§ PROBLEM
For the entries below, copy exactly the line that contains "(TD) Aithtr Jorthtdan" through the line that contains "Little boys sleeping bag", both ends included, and exclude all pictures.

§ EXERCISE DATA
^^^^^^^^^^^^^^^^

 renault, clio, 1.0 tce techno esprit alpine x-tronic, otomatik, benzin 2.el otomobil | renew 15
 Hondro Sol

^^^^^^^^^^^^^^^^

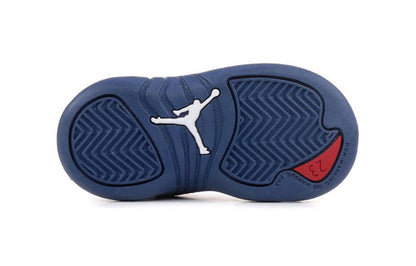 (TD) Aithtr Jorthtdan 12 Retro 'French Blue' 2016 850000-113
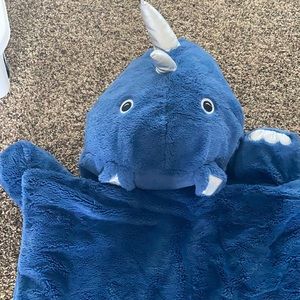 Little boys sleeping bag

^^^^^^^^^^^^^^^^

§ TASK RESPONSE
 (TD) Aithtr Jorthtdan 12 Retro 'French Blue' 2016 850000-113
 Little boys sleeping bag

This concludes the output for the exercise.